Pictures with short captions:

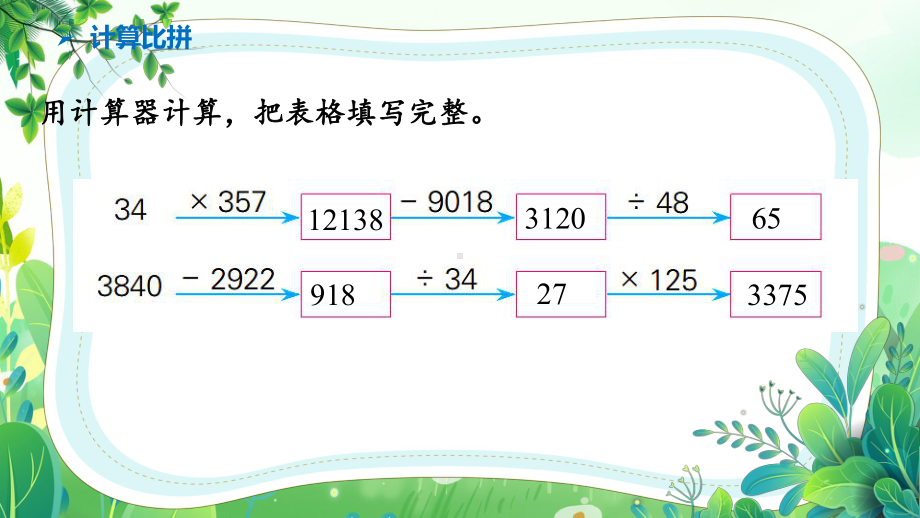 苏教版四年级数学下册第4单元第2课时“用计算器探索规律”课件.pptx_第2页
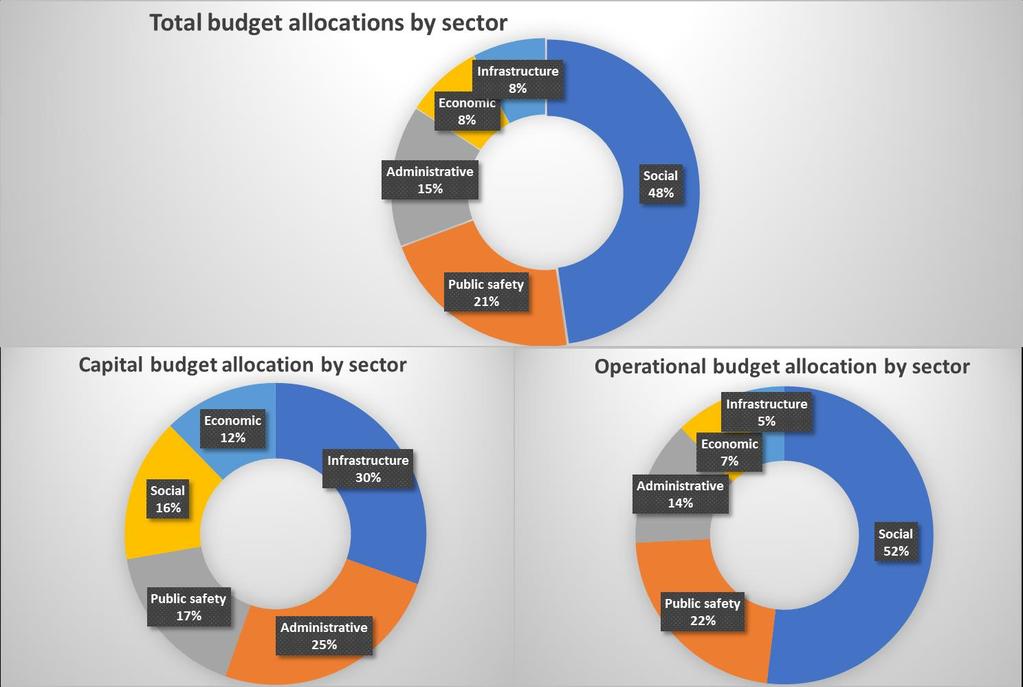 Figure 18: Total budget allocations per sector Mmmmmmmmmmmmmmmmm 5.9. Government Wage Bill The government wage bill increased from N$ 1 billion in 1990/91 to N$ 29 billion in 2018/19.
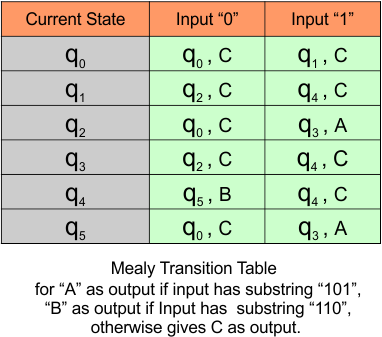 Automata Mealy Machine Examples - transition table for “A” as output if input has substring “101”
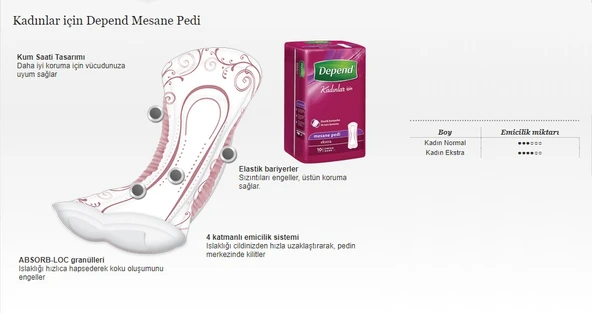 Depend Emici Külot Lohusa Pedi  XL - Kadın (10 Adet)+Mesane Pedi Kadın Ekstra (10 Lu) 6 Lı Set - Resim 4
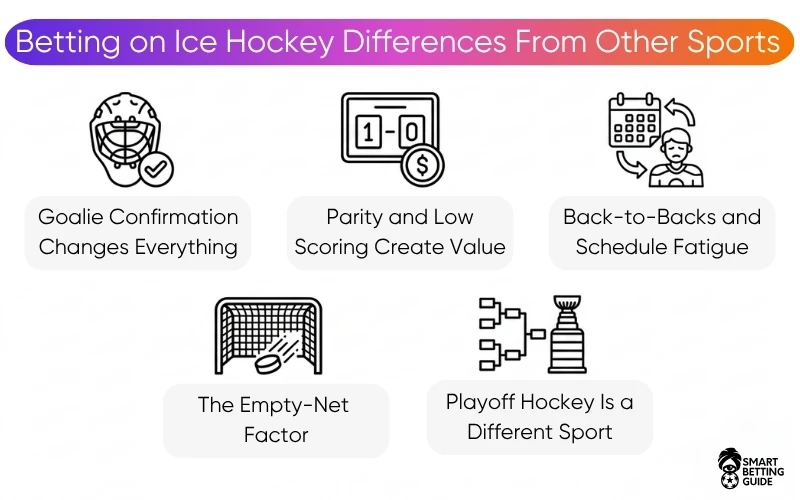 best-ice-hockey-betting-sites-differences best-ice-hockey-betting-sites-differences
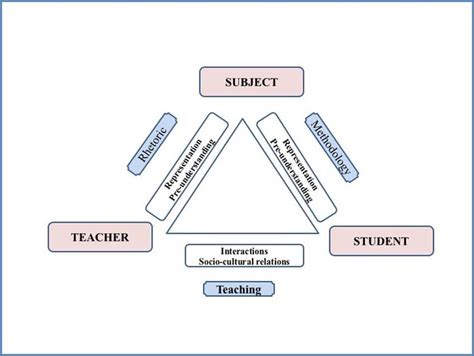 The didactic triangle with its three axes and aspects | Download Scientific Diagram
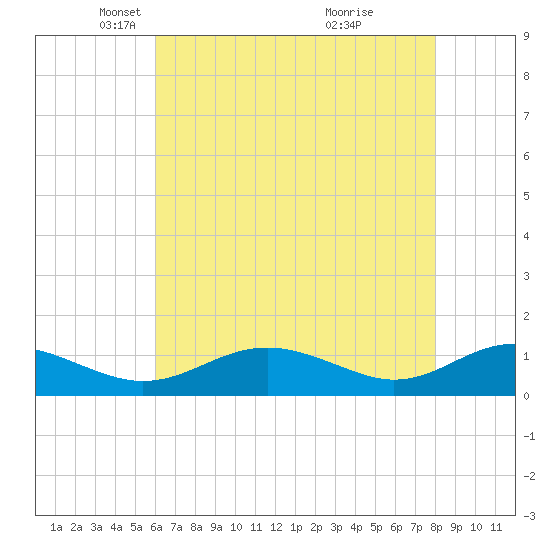 Long Beach tide chart for Tuesday, May 6, 2025
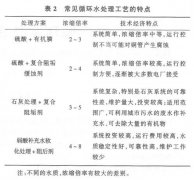 ѭ�hˮ̎����ˇ��B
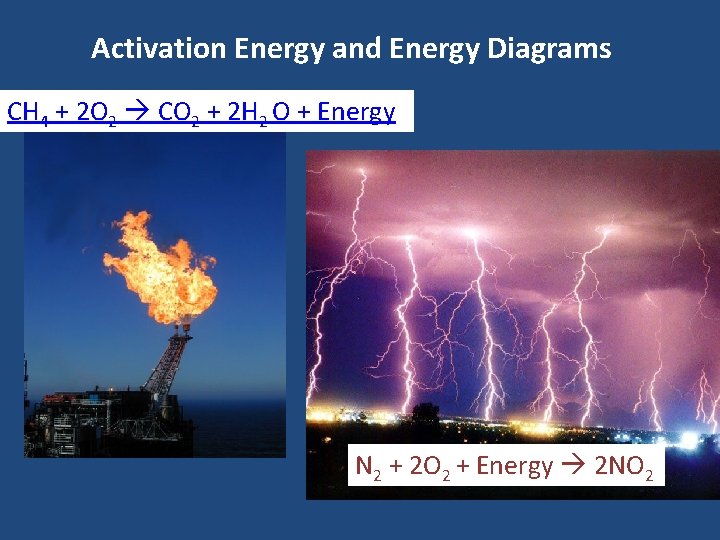 Activation Energy and Energy Diagrams CH 4 + 2 O 2 CO 2 +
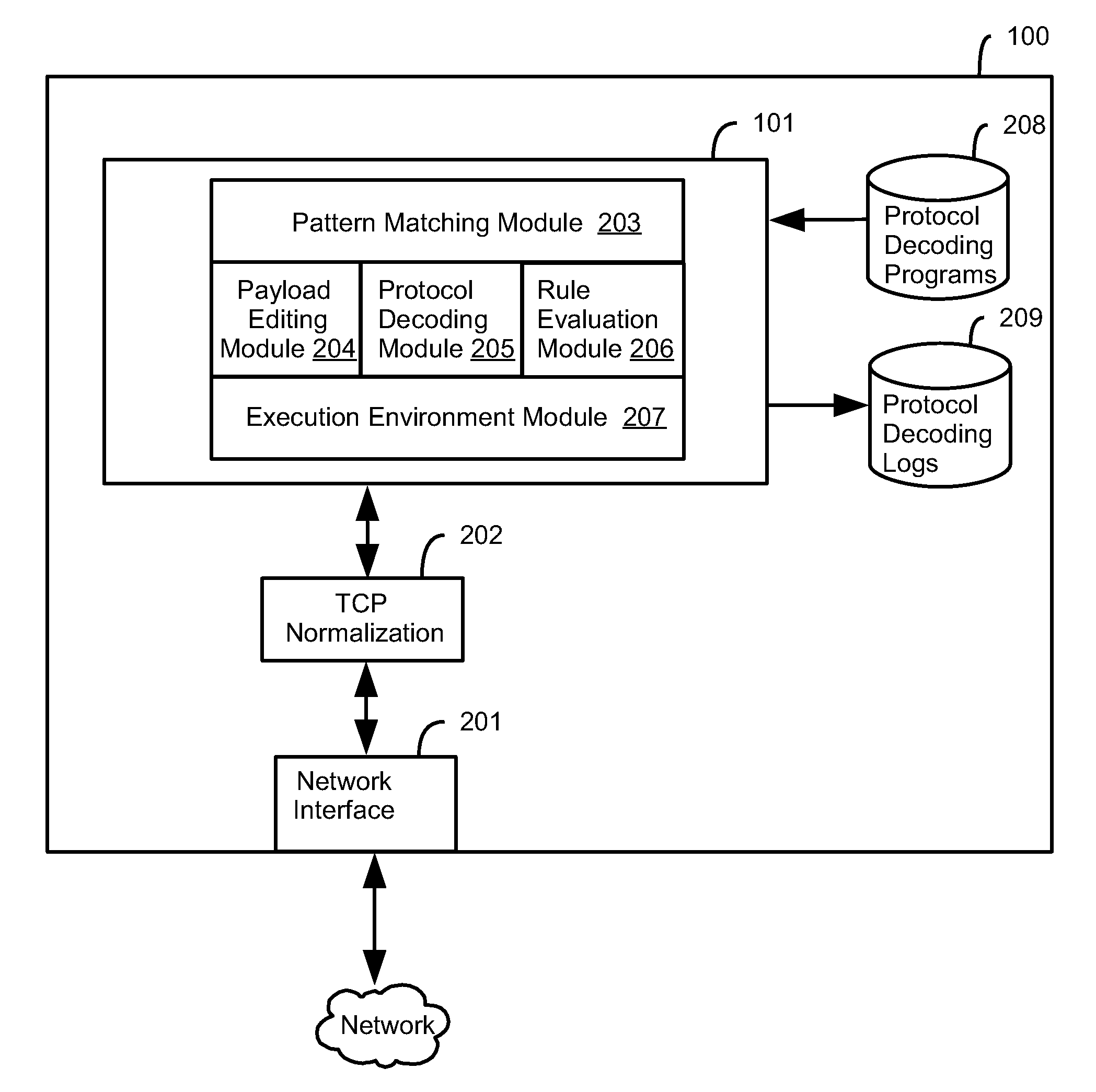 Method and system for dynamic protocol decoding and analysis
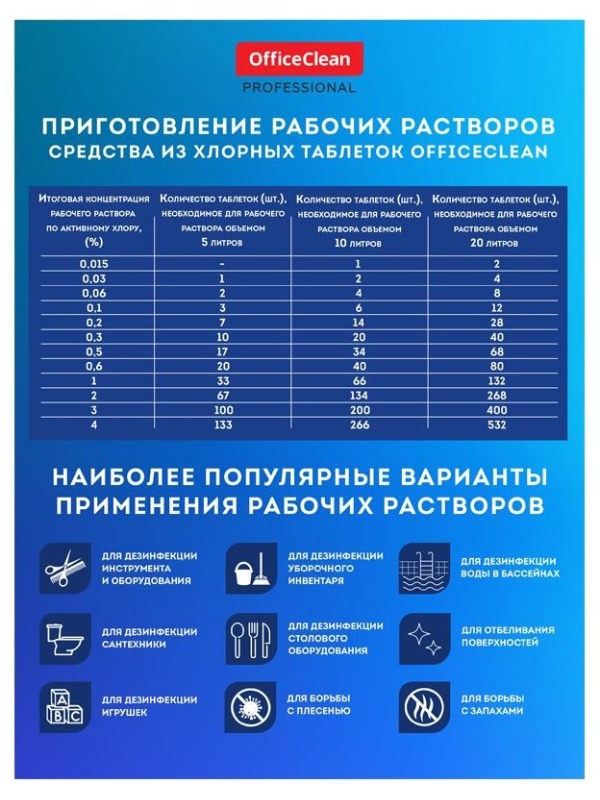 Хлорные таблетки OfficeClean Professional, с дезинфицирующим эффектом, 300 табл.
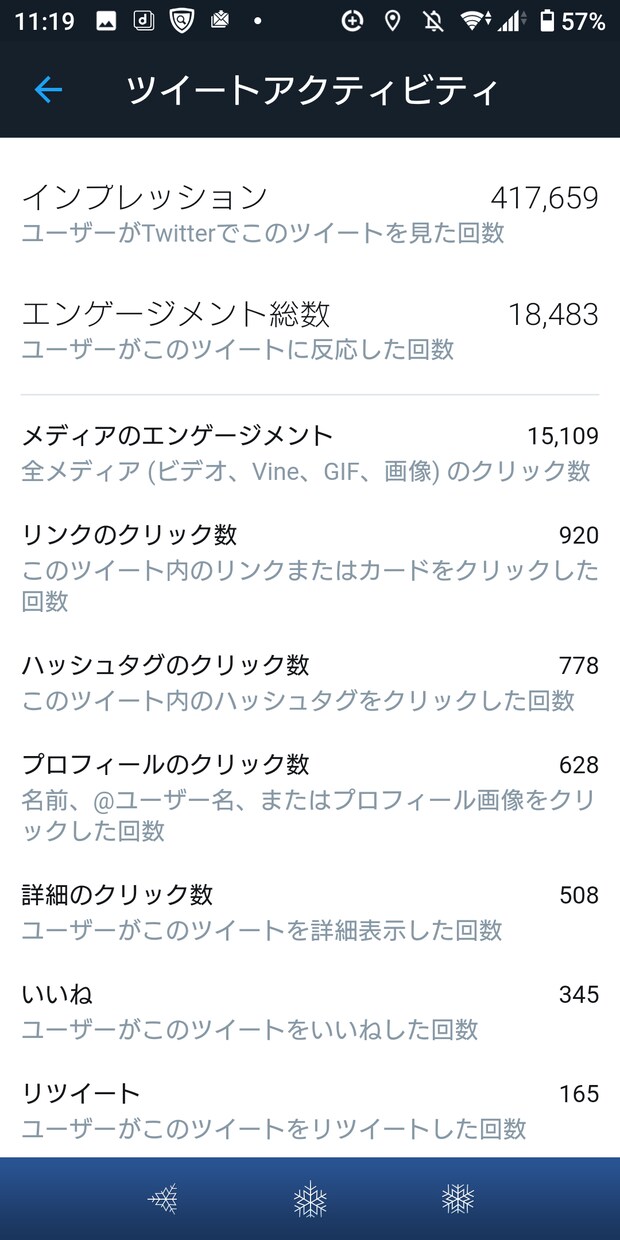 Twitterであなた様の商品を宣伝します 150万インプレッション保有の鷹の目が代わって宣伝します。 イメージ1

EXERCISE OBJECTIVE:
Because the copy must hold no pictures, return only the lines that run from the line containing "Long Beach tide" to the end of the data above, each exactly as it stands.

SOLUTION:
 Long Beach tide chart for Tuesday, May 6, 2025
 ѭ�hˮ̎����ˇ��B
 Activation Energy and Energy Diagrams CH 4 + 2 O 2 CO 2 +
 Method and system for dynamic protocol decoding and analysis
 Хлорные таблетки OfficeClean Professional, с дезинфицирующим эффектом, 300 табл.
 Twitterであなた様の商品を宣伝します 150万インプレッション保有の鷹の目が代わって宣伝します。 イメージ1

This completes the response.